Who is the God Jesus Christ invites us to worship?

Several years ago, J. B. Phillips wrote a helpful little theology primer with the title, Your God Is Too Small. In the first half of that book, he exposed numerous “inadequate conceptions of God which still linger unconsciously in many minds,” including God as a “resident policeman,” “parental hangover,” “grand old man,” “managing director,” “and pale Galilean.”[i]

More recently, in Habits of the Heart, Robert Bellah and his colleagues told the story of a woman named Sheila, who said: “I believe in God. I’m not a religious fanatic. I can’t remember the last time I went to church. My faith has carried me a long way. It’s Sheilaism. Just my own little voice.”[ii]

The God Jesus Christ invites us to worship is not small. He does not speak in our own little voices. As John portrays it (Rev. 4:2-6), God’s appearance is more likely to produce shock and awe than any other emotions in those who see him. “At once I was in the Spirit,” John writes, “and behold, a throne stood in heaven with one seated on the throne. And he who sat there had the appearance of jasper and carnelian, and around the throne was a rainbow that had the appearance of an emerald.” But God is not only seen, he is heard: “From the throne came flashes of lightning, and rumblings and peals of thunder.”

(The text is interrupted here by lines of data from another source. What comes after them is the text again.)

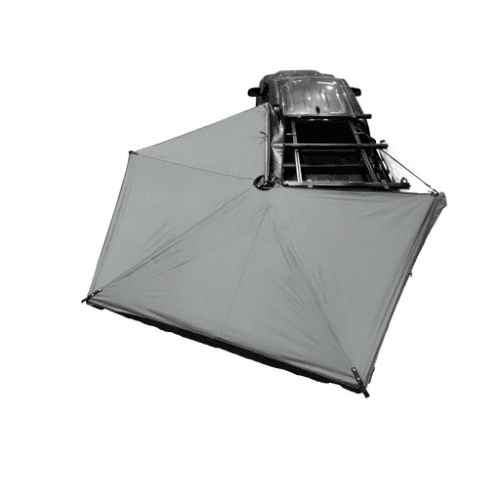 Nomadic 270LTE Awning Gray - Driver Side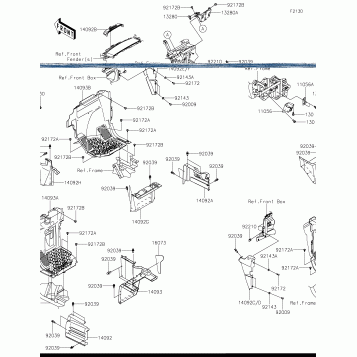 Frame Fittings(Front)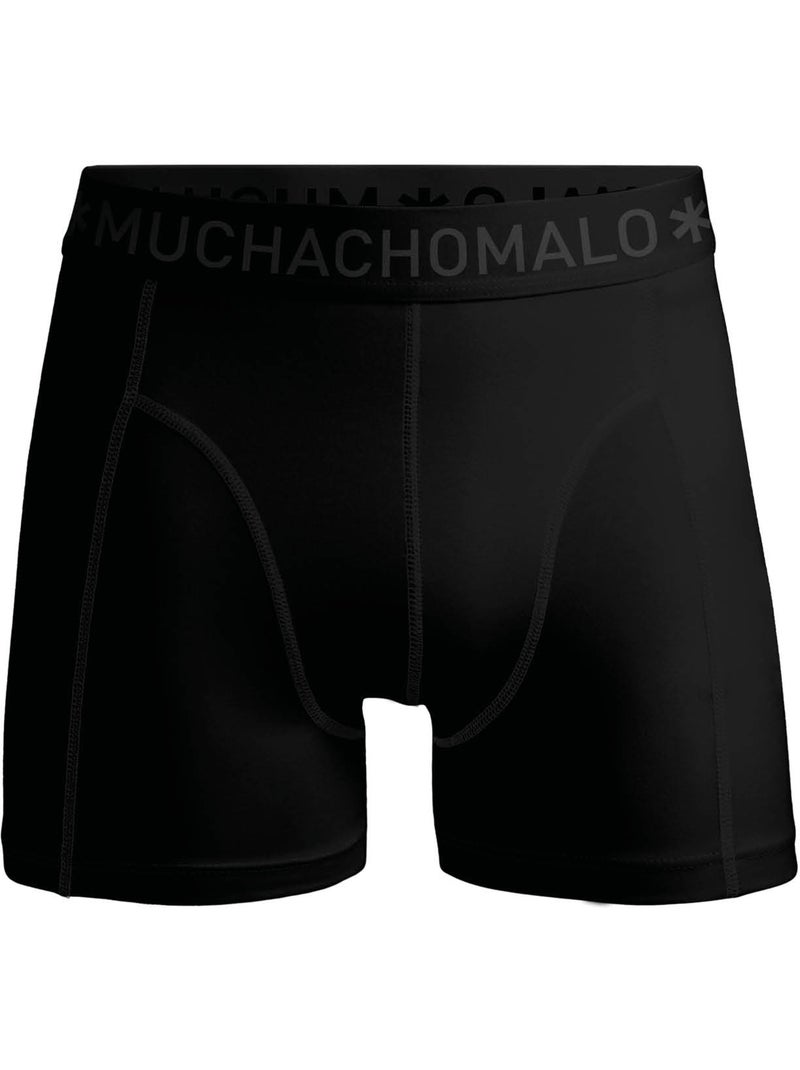 Lot de 3 boxers homme Muchachomalo Noir Bleu - Kiabi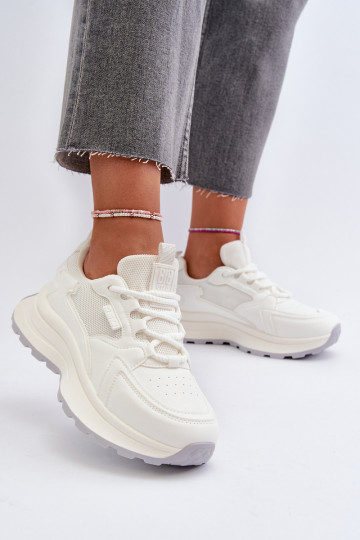 Sneakers Stilvollllschuhe Feminin HI-POLY SYSTEM Big Star NN274A107 Zueiße Farbe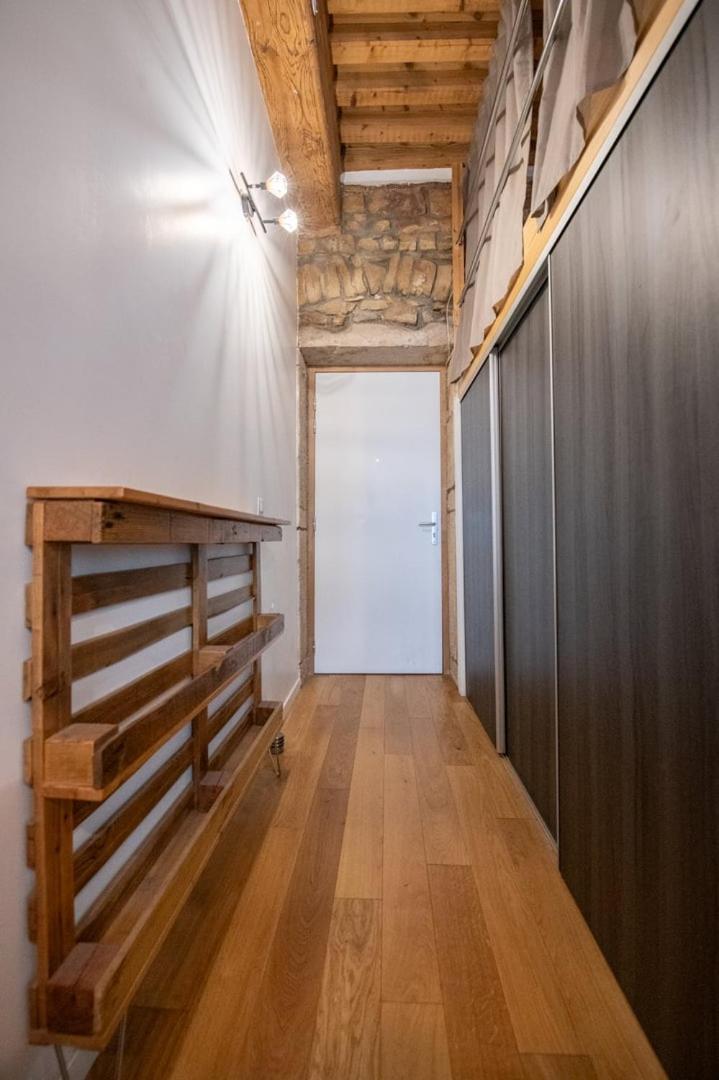 Le Petit Imbert - Studio Chaleureux Et Cozy Lyon Ngoại thất bức ảnh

John’s description of God has Old Testament antecedents, especially Ezekiel 1:26–28, which similarly portrays God’s throne as surrounded by a brilliant rainbow. Psalm 104:2 tells us that God covers himself “with light as with a garment.” In 1 Timothy 6:16, Paul says that God “dwells in unapproachable light, whom no one has ever seen or can see.” The celestial sound and light show of thunder and lightning that made its first public appearance at Mt. Sinai, where God gave Moses the Law (Ex. 19:16–20, 20:18–21), now reappears in John’s vision. Its inevitable—and intended—effect is that reverence of God that the Bible calls “the fear of the Lord.”

The God Jesus Christ invites us to worship, in other words, is big, powerful, and very much unlike us.

And yet, God’s power is not arbitrary or immoral. God is powerful, but he is also just. He occupies the throne of heaven; so, he exercises his power with rightful authority. G. Campbell Morgan notes: “The throne of God—the fact of the throne, and the fact of God enthroned—is the revelation of the Bible…. All the pictures of the early times are pictures of men setting their lives into relationship with the throne of God and thus finding peace, or rebelling against the government of God and thus perishing.”[iii]

What God do you worship? A comfortable one or one who shocks and awes? “The fear of the Lord is the beginning of knowledge” (Prov. 1:7, 9:10). Only a large God can bring an expansive peace to your life and to the world.

 

[i] J.B. Phillips, Your God Is Too Small (New York: Macmillan, 1961), 8.

[ii] Robert Bellah, et al, Habits of the Heart (Berkeley, CA: University of California Press, 1985), 221; quoted in Robert C. Fuller, Spiritual, Not Religious: Understanding Unchurched America (New York: Oxford, 2001), 159.

[iii] G. Campbell Morgan, Studies in the Prophecy of Jeremiah (London: Oliphants, 1969), 101; quoted in Eugene H. Peterson, Reversed Thunder: The Revelation of John and the Praying Imagination (Grand Rapids, MI: Eerdmans, 1988), 61.